Drop the pictures; give again exactly the lines from the one holding "Mixed nuts on" through the end of the data.

+ + + + + + +

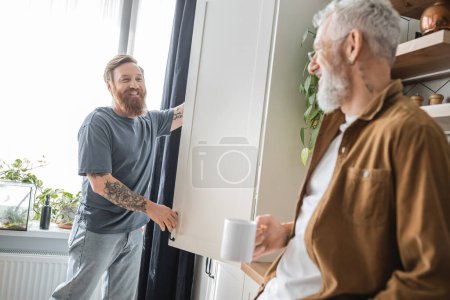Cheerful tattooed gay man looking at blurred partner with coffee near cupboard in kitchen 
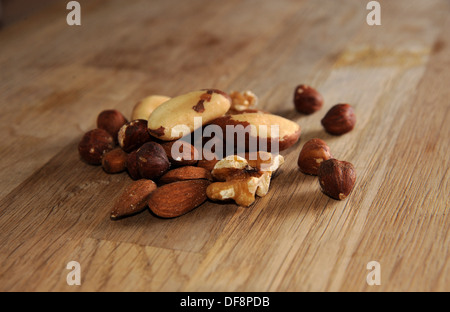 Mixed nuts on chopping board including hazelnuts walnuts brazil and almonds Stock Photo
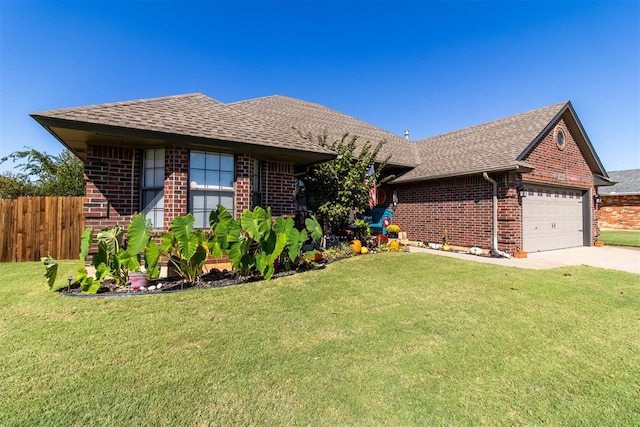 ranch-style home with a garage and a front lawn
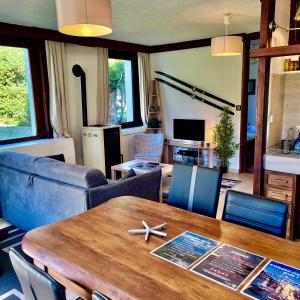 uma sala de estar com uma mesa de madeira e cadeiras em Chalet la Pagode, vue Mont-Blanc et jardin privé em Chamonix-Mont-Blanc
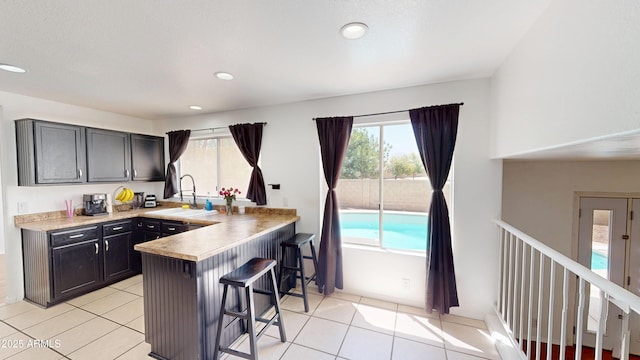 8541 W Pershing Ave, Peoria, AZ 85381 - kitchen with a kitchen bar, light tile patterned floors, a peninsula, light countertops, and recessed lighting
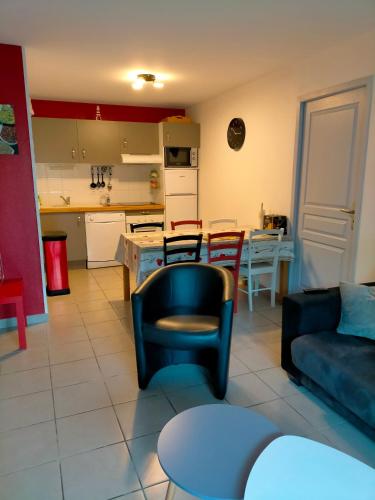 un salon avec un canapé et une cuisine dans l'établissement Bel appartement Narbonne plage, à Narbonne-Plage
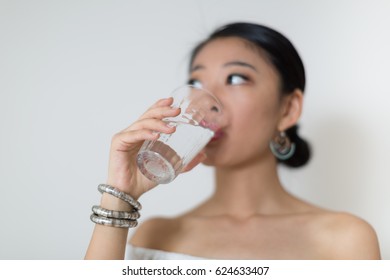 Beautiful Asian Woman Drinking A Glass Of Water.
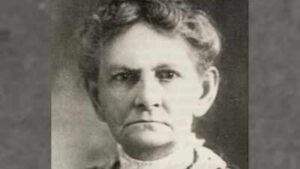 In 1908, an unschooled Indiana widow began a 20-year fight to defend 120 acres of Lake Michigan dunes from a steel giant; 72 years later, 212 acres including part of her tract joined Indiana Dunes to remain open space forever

+ + + + + + +

#### ANSWER SECTION
 Mixed nuts on chopping board including hazelnuts walnuts brazil and almonds Stock Photo
 ranch-style home with a garage and a front lawn
 uma sala de estar com uma mesa de madeira e cadeiras em Chalet la Pagode, vue Mont-Blanc et jardin privé em Chamonix-Mont-Blanc
 8541 W Pershing Ave, Peoria, AZ 85381 - kitchen with a kitchen bar, light tile patterned floors, a peninsula, light countertops, and recessed lighting
 un salon avec un canapé et une cuisine dans l'établissement Bel appartement Narbonne plage, à Narbonne-Plage
 Beautiful Asian Woman Drinking A Glass Of Water.
 In 1908, an unschooled Indiana widow began a 20-year fight to defend 120 acres of Lake Michigan dunes from a steel giant; 72 years later, 212 acres including part of her tract joined Indiana Dunes to remain open space forever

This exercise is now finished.